Why, why did you want water to be so prevalent in this to the point where the center condition that many of the characters have has to do with drowning?
Verghese: Well, I think the most important decision I made when I was writing this book was "where."
Because I really believe that geography is destiny.
Um, and it's an inescapable thing to visit Kerala, this narrow strip of coastal territory just about 19 miles wide at its widest.
Mountains on one side, ocean on the other.
And on these fertile slopes, spices grow wild.
41 rivers running to the sea and a latticework of canals and backwaters and lagoons, kind of like a giant circulatory system that connects everybody, with the monsoon being the annual beating heart, if you like.
And you know, it's a metaphor you can't resist if you're going to set a story there.
You know, we are 70% water as human beings.
We are -- we develop as embryos in water.
It's sort of a constant, inescapable part of our lives.
And as you said, part of the ritual of many religions.
You know, in Islam, you wash the feet and hands and face before you go into the mosque.
And in Christianity, we baptize in water.
And so that part was easy to explain.
"Covenant," because I think -- I love the word "covenant."
It has a great ring to it.
And so given the ubiquity of water in this setting, I love the idea of bringing in a rare disease, which ironically puts the individuals afflicted at great peril from water.
I mean, keep in mind that most people in Kerala swim before they walk.
I mean, they literally swim before they walk.
Because water's everywhere.
And so to have an individual who's scared of water and nonetheless manages to drown in the most inauspicious, you know, kinds of places you shouldn't be drowning in -- shallow ponds, ditches, irrigation ditches -- I thought that was interesting.
Franklin: The "covenant" part of the title -- a covenant is an agreement.
And it's referenced several times in people talking about, particularly in a religious sense.
Could you expand on that more then, the agreement, the covenant?
Verghese: Well, I am resisting only because my thesis is that titles should be a little mysterious.
It's not like the author has the key.
With my previous book, "Cutting for Stone," I was often asked, and there was sort of one explanation that I had, but it certainly wasn't the explanation.
So I have this belief that a writer provides the words, the reader provides their imagination, and in the middle space is this mental movie, but it belongs to you, to the reader, and it's up to the reader to sort of make what they want of it.

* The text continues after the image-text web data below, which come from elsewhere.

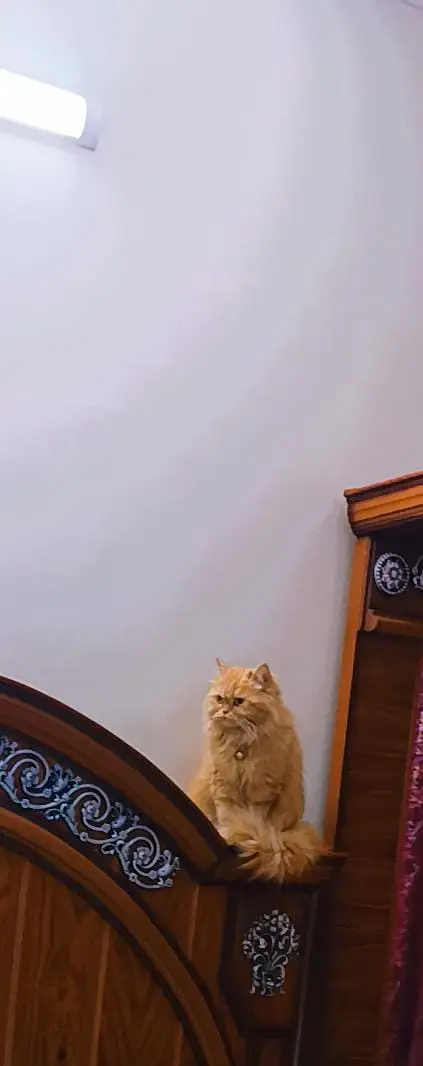 kittens | persian kitten |  Home Breed kittens | triple coat kittens — photo 2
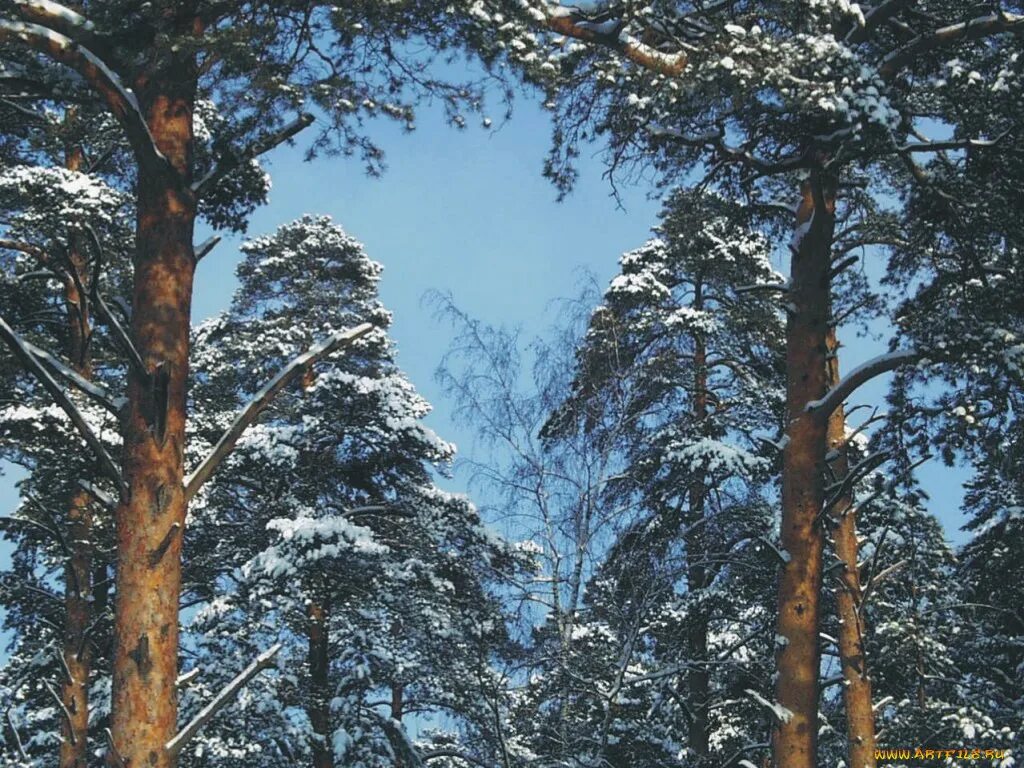 Корабельные сосны киренск. Сосновый лес зимой. Лес верхушки деревьев. Высокие сосны и ели шумели. Высокие сосны и ели шумели.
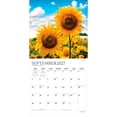 thumbnail image 4 of Sunflowers | 2027 12x24" (Hanging) Wall Calendar | Foil Stamped Cover | Plato, 4 of 9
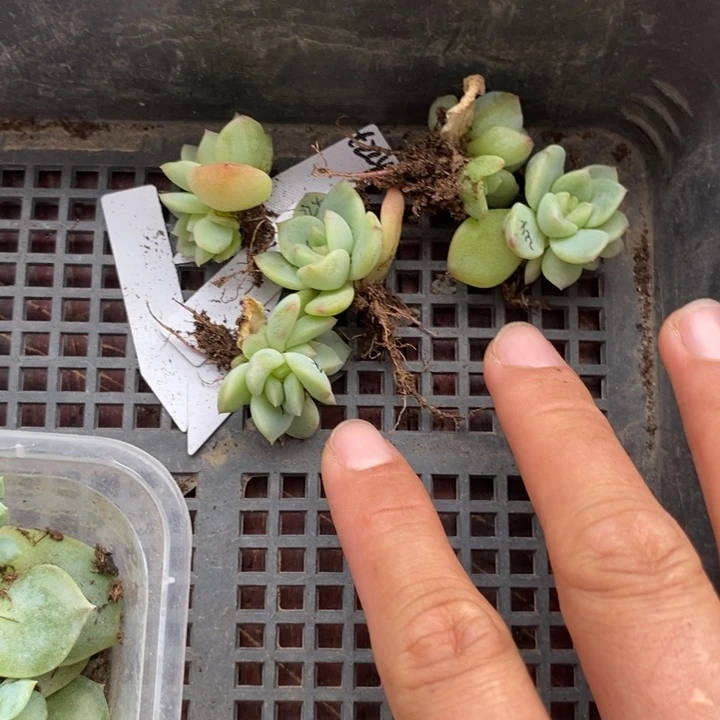 脱土甜心224一个多肉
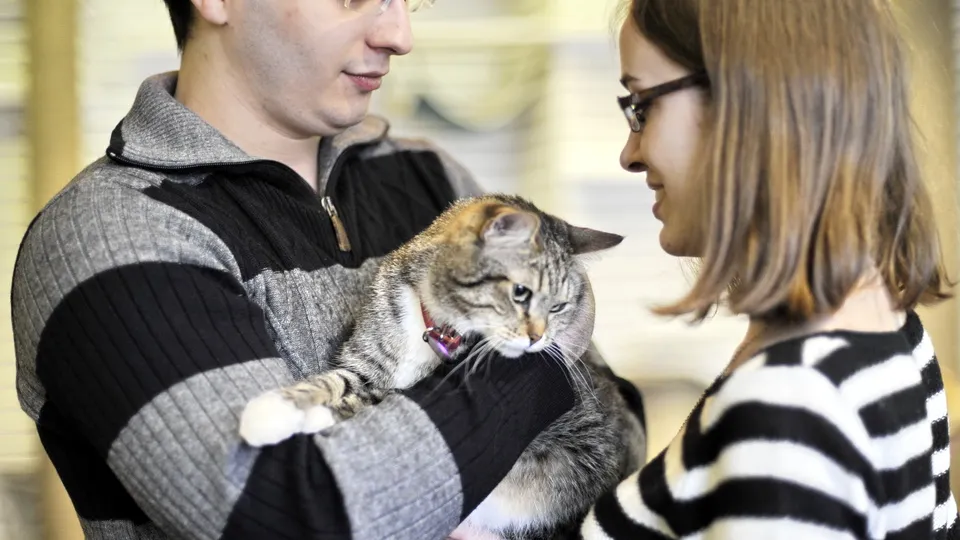 Фото: медиасток.рф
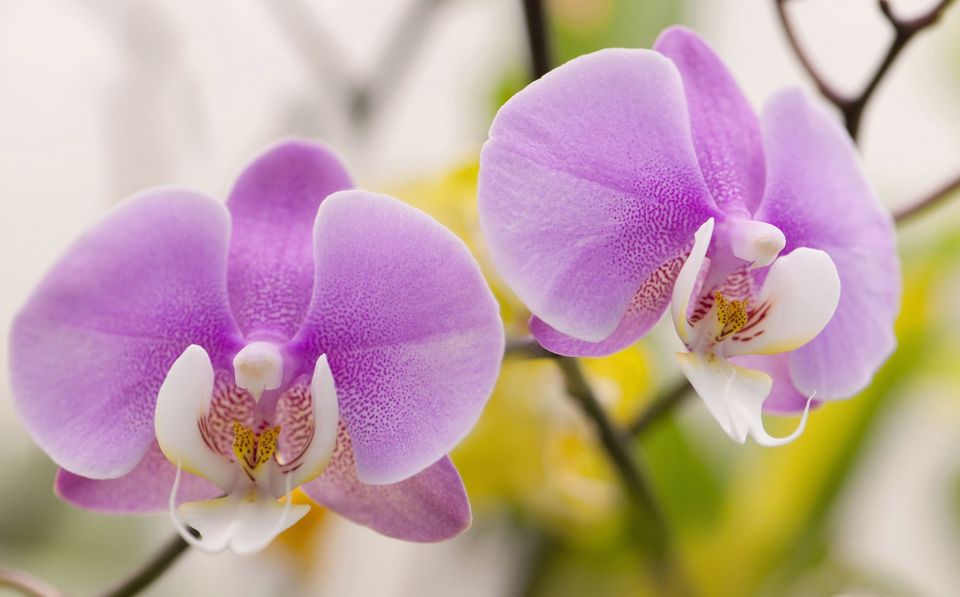 Размножение орхидеи черенками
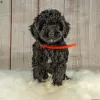 Дополнительные фото: Потрясающие щенки Goldendoodle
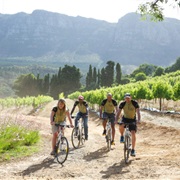 Do a Winelands Cycle Tour
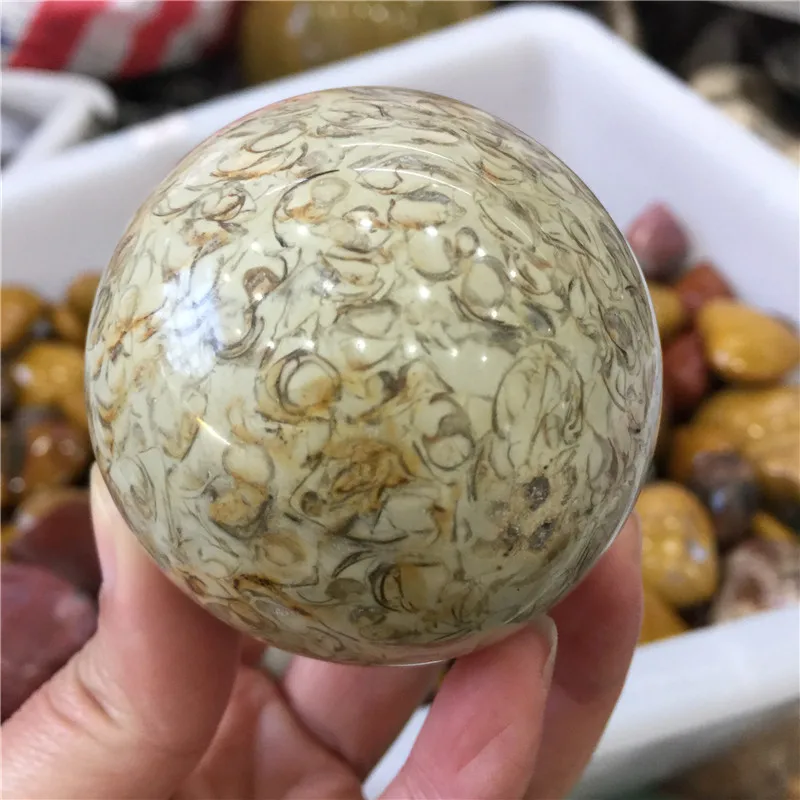 

1PCS natural shell fossil sphere smooth polished pebble reiki therapy chakra stone home decoration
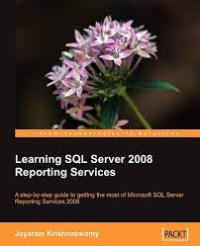 Image of Learning SQL Server 2008 Reporting Services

In my mind, it was the covenant of you know, mother to child, the covenant of these people to the faith -- which was very, very strong -- a covenant of secrecy around this disease because it would affect the marital prospects of the family.
Then there were a lot of other little covenants, some of them very obvious, some of them hidden, that operate in the book as a kind of conceit right through the book.
So the reader has to sort of decide what that means.
Franklin: Fair enough.
Um, the "condition," so to speak, of drowning even in areas where there isn't a lot of water, that is based on an actual condition.
And without giving anything away, there is another strong female character who investigates what this might be.
But it does have its basis in fact.
Verghese: Yes, yes.
I mean, I'm, I'm a longtime teacher of medicine.
I'm a professor and I've taught at the bedside for many, many years.
And I love to keep in my back pocket, so to speak, a number of rare diseases that I will shout and ask my residents or students a question such as, you know, "What do you think of a elderly man with a glass eye, a big liver and jaundice?
What comes to mind?"
There is an answer for, to these riddles.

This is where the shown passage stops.